-- RECORDS TO PROCESS --
§

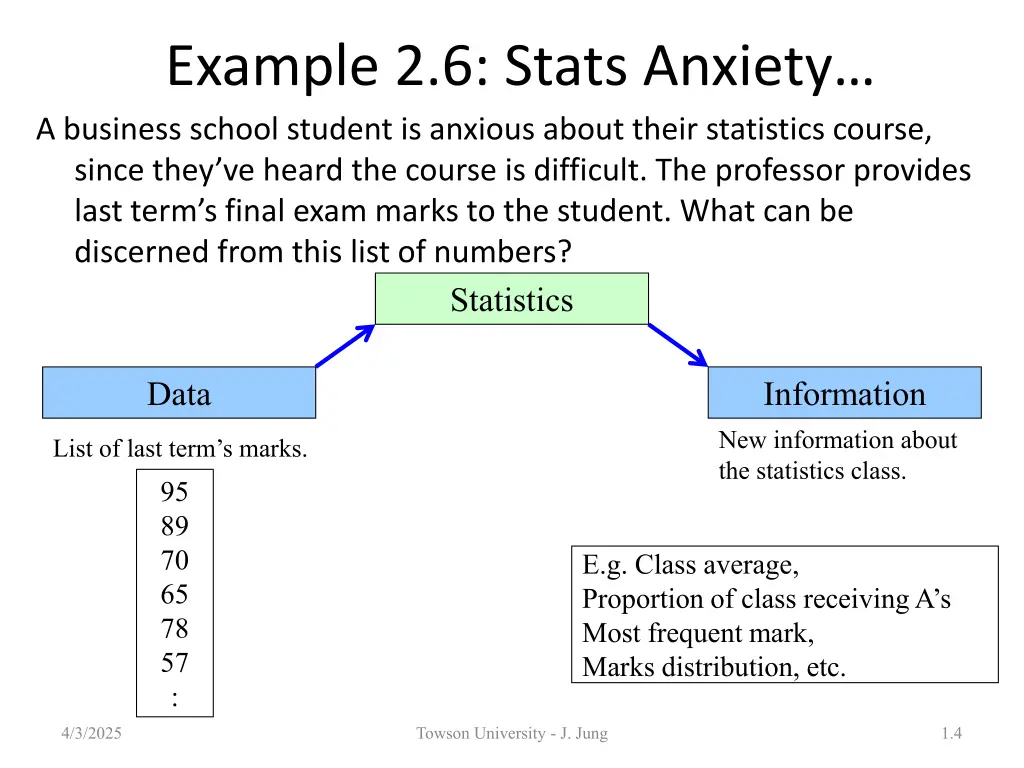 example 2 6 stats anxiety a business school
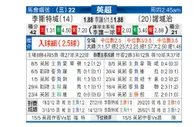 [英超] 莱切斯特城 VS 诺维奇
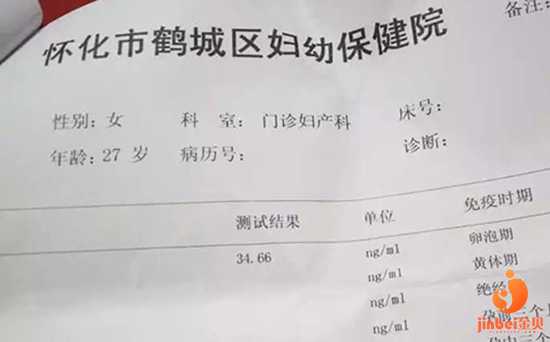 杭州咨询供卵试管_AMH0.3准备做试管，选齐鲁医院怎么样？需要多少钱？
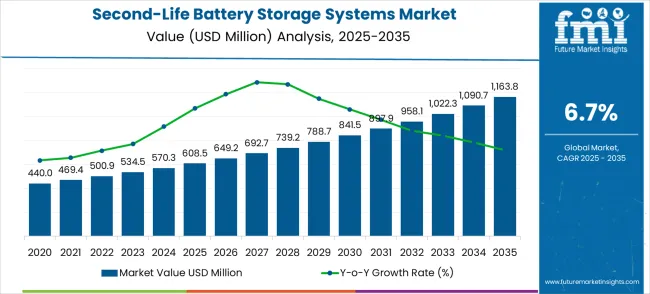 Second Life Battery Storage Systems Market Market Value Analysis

§

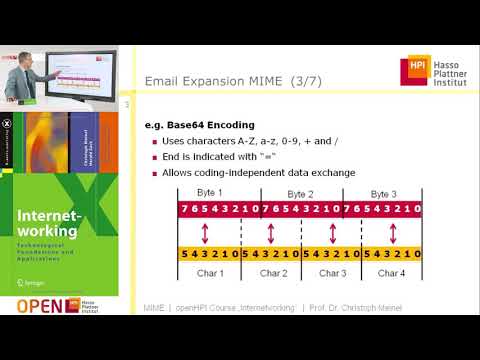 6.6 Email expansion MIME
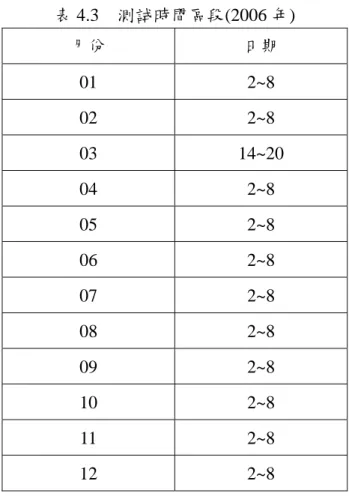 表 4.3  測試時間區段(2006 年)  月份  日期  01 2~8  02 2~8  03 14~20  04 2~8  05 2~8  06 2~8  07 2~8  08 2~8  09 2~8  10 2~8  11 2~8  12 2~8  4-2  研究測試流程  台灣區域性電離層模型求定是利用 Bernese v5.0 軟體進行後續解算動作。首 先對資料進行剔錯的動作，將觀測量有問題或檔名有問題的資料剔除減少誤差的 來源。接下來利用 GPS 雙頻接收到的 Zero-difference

§

-- WHAT YOU SHOULD DO --
Your reply should consist solely of the lines above from the line containing "[英超] 莱切斯特城 VS 诺维奇" up to and including the line containing "Second Life Battery", reproduced exactly, minus the pictures.

-- ANSWER --
 [英超] 莱切斯特城 VS 诺维奇
 杭州咨询供卵试管_AMH0.3准备做试管，选齐鲁医院怎么样？需要多少钱？
 Second Life Battery Storage Systems Market Market Value Analysis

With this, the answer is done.